Il est alors dommage que cette originalité se trouve gâchée par des personnages stéréotypés et des platitudes dans le scénario. Zach Braff a bien du mal à sortir de son rôle de déprimé, et n’évite pas l’écueil de l’égocentrisme. Il est en effet omniprésent, et on ne compte plus les plans centrés sur son personnage. Quant à Natalie Portman, dont le dynamisme est louable, elle en fait des tonnes dans son rôle de fofolle, allant parfois jusqu’à la minauderie. La dernière déception est sans doute la fin du film, navrante et enrobée de guimauve. Elle donne réellement à réfléchir sur le statut de Braff. À partir du moment où le film n’est pas estampillé « Hollywood », et si Zach Braff se prétend auteur, alors on souhaiterait qu’il aille jusqu’au bout de sa démarche. Or certains éléments procurent un sentiment d’inachevé, voire d’incohérence.

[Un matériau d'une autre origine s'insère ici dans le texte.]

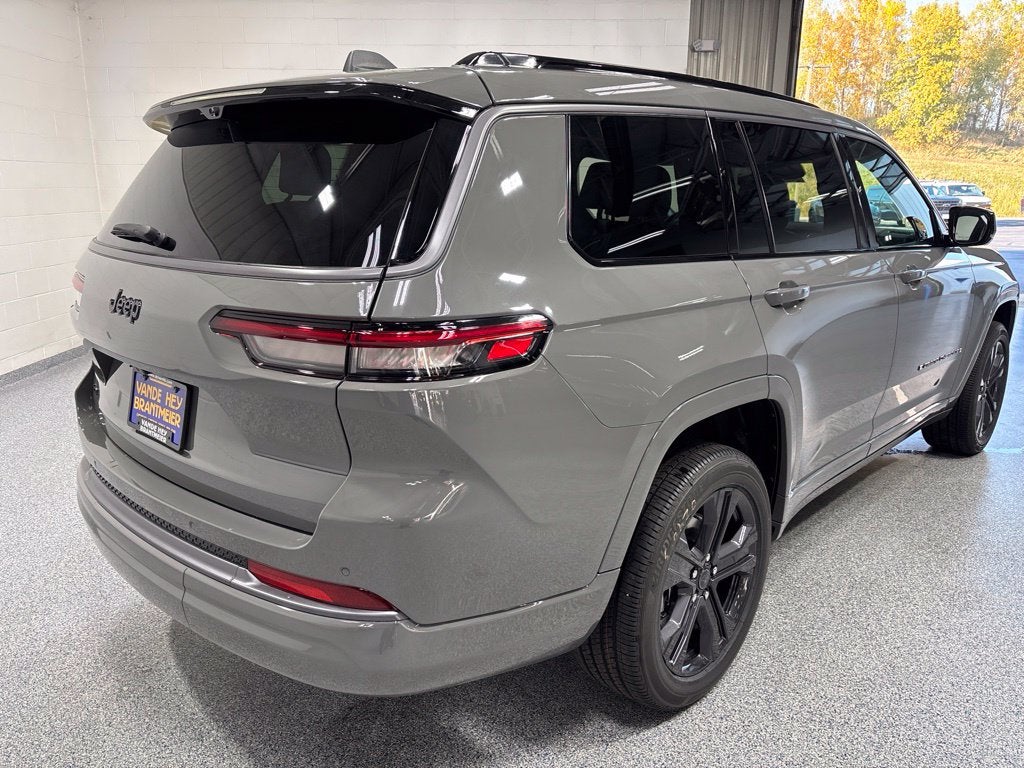 2027 Jeep Grand Cherokee L GRAND CHEROKEE L LIMITED RESERVE 4X4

Braff n’est pas complètement maître de ce qu’il met en place. Le film oscille entre énergie et stagnation, entre bonnes idées et effets vains. Par exemple, Andrew, sous ecsta, est en train de végéter sur un canapé. L’utilisation de l’accéléré autour de lui a alors pour fonction de provoquer un contraste plutôt réussi avec son état léthargique. En revanche, l’usage du ralenti à un autre moment n’apportera rien à la scène. Preuve d’une volonté de recherche formelle qui n’atteint pas toujours son but.
Il règne donc sur le film un vent de folie, mais l’ensemble ne décolle pas toujours. Garden State n’est malheureusement pas le film d’une génération que l’on aurait pu attendre, mais le ton et le style sont prometteurs. Reste à savoir si Zach Braff transformera l’essai.